Example use case: Imagine Samantha to r2egister at your Salesforce Community with email; Afterwards she opts to authorise with Facebook as she likes to minimise her number of accounts and passwords. She logs in at Facebook with and grants Salesforce access to her Facebook profile for the requested scope (e.g. profile details, friendlist and such). You’ve set up the Auth. Provider to allow matching even when emails mismatch ONLY as for fresh, new accounts, since that mitigates the risk of exposing data from other customers. By the end of this, Samantha can easily login to your Community with here Facebook credentials. She has a SF User with a related TPAL stating at least ‘’ as Handle and ‘Facebook’ as Auth. Provider.

This article is to share some of my experiences and most importantly, some undocumented behaviour regarding those connecting objects.


Unfortunately, as of Spring ’20 Salesforce has revoked any read-access for users without “Manage Users” permissions. Only Community Users are allowed to see TPALs which are connected to their User record.

Due to this restriction, one is not able to query ThirdPartyAccountLinks for matching or identifying a user on login or before registration.


By default, ThirdPartyAccountLinks are set to read-only. To allow creation and deletion this standard object needs to be made writable via Salesforce Customer Support. However, even then, TPALs cannot be updated (so only inserted or deleted).


Since ThirdPartyAccountLinks are no standard objects and connect details from an External System to Salesforce data, Salesforce made the decision to treat them differently as well.

For that reason, you can’t manipulate TPALs using standard DML actions:
System.DmlException: Argument must be of internal sObject type. use insertAsync() or insertImmediate() instead

Using insertImmediate() allows to simply create new ThirdPartyAccountLinks to the User of your chosing.


To delete a TPAL, or in other words, revoke access of that External User for the corresponding Salesforce User, Salesforce provides you two options: Auth.AuthToken.revokeAccess() or Database.deleteImmediate(). Both come with advantages and disadvantages, but for sure with their own quirks.

Auth.AuthToken.revokeAccess( authProviderId, providerName, userId, remoteIdentifier )
This lovely Apex function allows to easily revoke access by deleting the ThirdPartyAccountlink after providing the Id and name of the AuthProvider and the IDs of the User in both Salesforce and the External System (RemoteIdentifier), respectively.

While the method returns a Boolean to indicate success or failure, there is no description or hint why the revoke failed, in case false is returned.

When using this method, it is crucial (and undocumented) to provide the ProviderName in lowercase. Else, the method will simply return false and no TPAL will be deleted. A code example can be found below.

Database.deleteImmediate( List<SObject> || SObject )
This Apex function might be perceived more intuitive, since the syntax is comparable with the standard delete and Database.delete() functions.

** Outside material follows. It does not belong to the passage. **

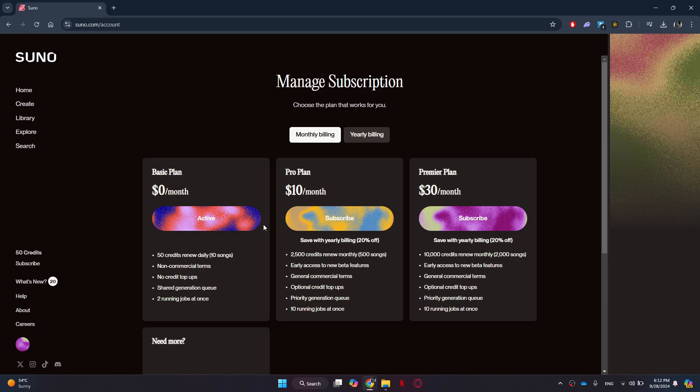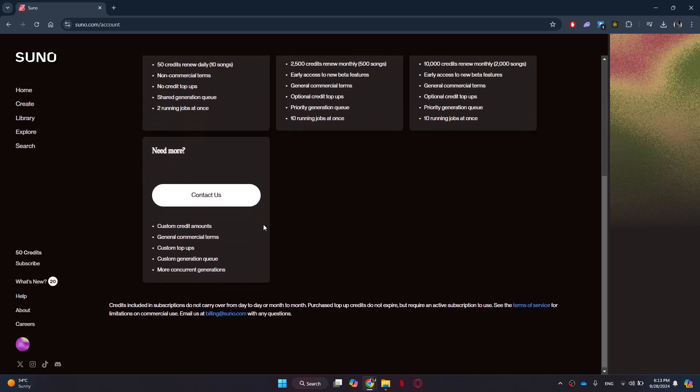Alternatively, on the plans page, tap the contact us option. Write an email to Suno requesting them to cancel your subscription and then send it. And that's it, you're done.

Significant benefit is the return of List<Database.DeleteResult>, allowing a little better understanding of the cause of failure.

Unfortunately, at the time of writing (March ’21) there was a known bug at Salesforce, causing an Internal Server Error: UNKNOWN_EXCEPTION, An unexpected error occurred. Please include this ErrorId if you contact support: 1110349392-159649 (74215998) .

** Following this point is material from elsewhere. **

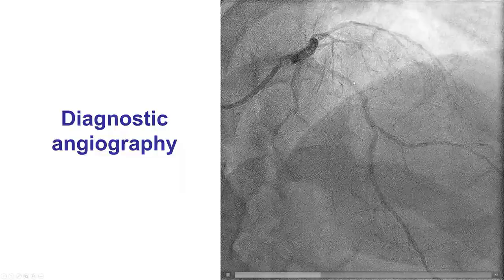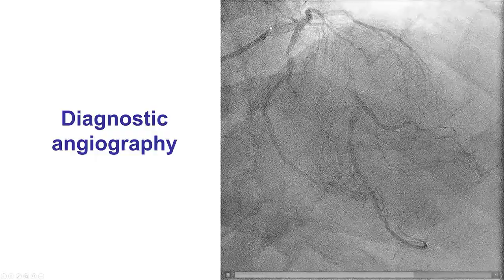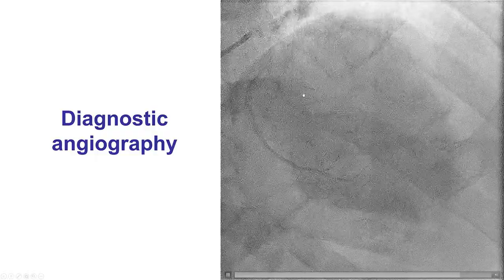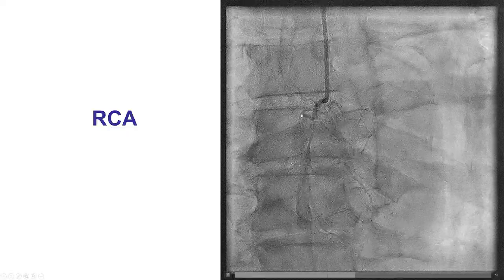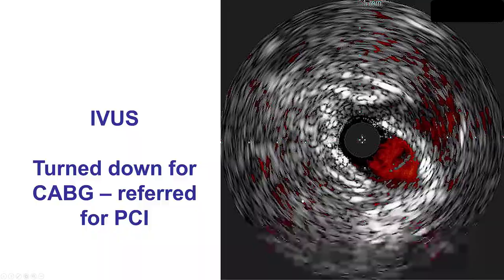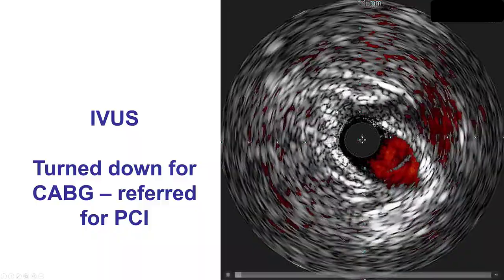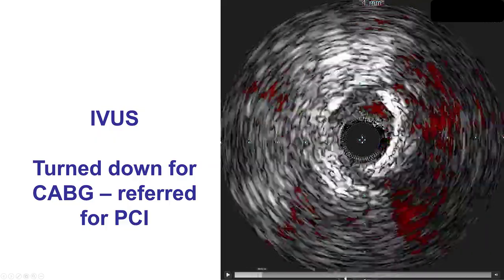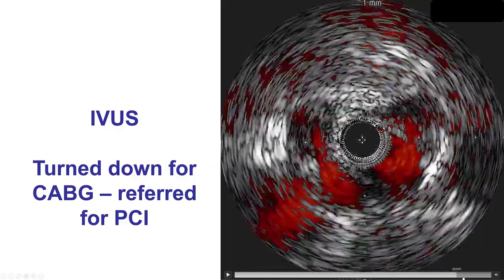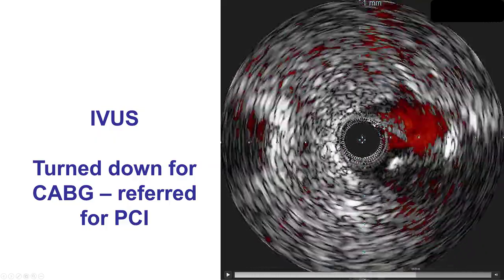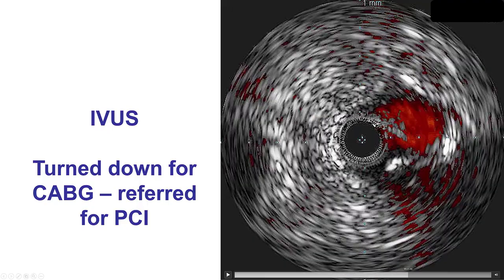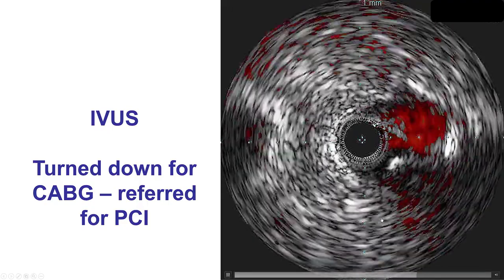You can see here the proximal LAD lesion as well as the distal left main lesion. The right coronary artery was a small non-dominant vessel.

A Salesforce support agent replied with: “I could see a bug W-5238232 for the delete operation. As a workaround, they requested to use Auth.AuthToken.revokeAccess() instead of deleteImmediate() .”

Hopefully, this will be resolved shortly, though we can luckily still continue using revokeAcces();

Re-parenting ThirdPartyAccountLinks

One of the use-cases where one might want to actively create and destruct of ThirdPartyAccountLinks is when in need of re-parenting, e.g. when merging two Accounts, both having ThirdPartyAccountLinks, but you need to delete one of the Accounts, while the User should not lose his/her connection with the External System.

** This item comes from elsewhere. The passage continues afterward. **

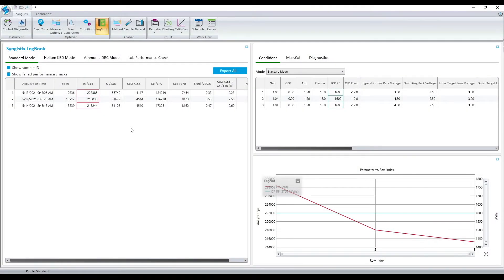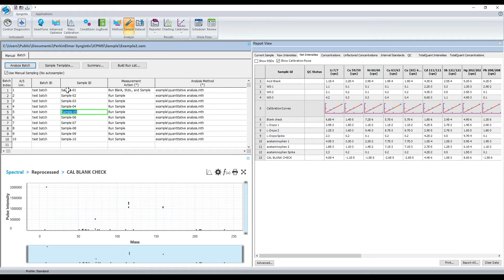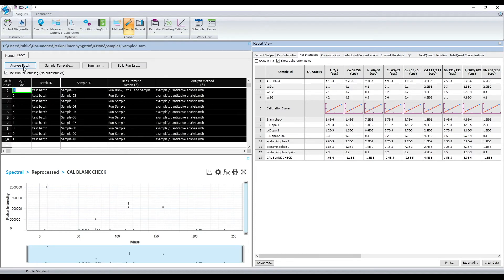Now that the system has passed its performance check, we can proceed with the sample analysis. Samples can be analyzed one of two ways: manually or batch-wise. Today I will demonstrate the batch analysis function. To run these samples, you simply click on the top left corner to select them all and then click on the Analyze Batch button.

To realise, one will need to delete the TPALs from the original Account (to be deleted) and insert them directly after to the Account (which will remain). Be aware it is crucial to set a SavePoint and rollback when any of the methods is returning failures on deletion and inserts, to prevent losing External System connections.

Note, you’ll receive an error when trying to insert the cloned TPAL before deleting the original, due to a duplicate ThirdPartyAccountLinkKey. The error however is rather unclear: Database.SaveResult[getErrors=(Database.Error[getFields=();getMessage=Unable to insert data for 00D3H0000000XXX:0SO3H0000008XXX:providername:remoteidentifier;getStatusCode=UNKNOWN_EXCEPTION;]);getId=null;isSuccess=false;]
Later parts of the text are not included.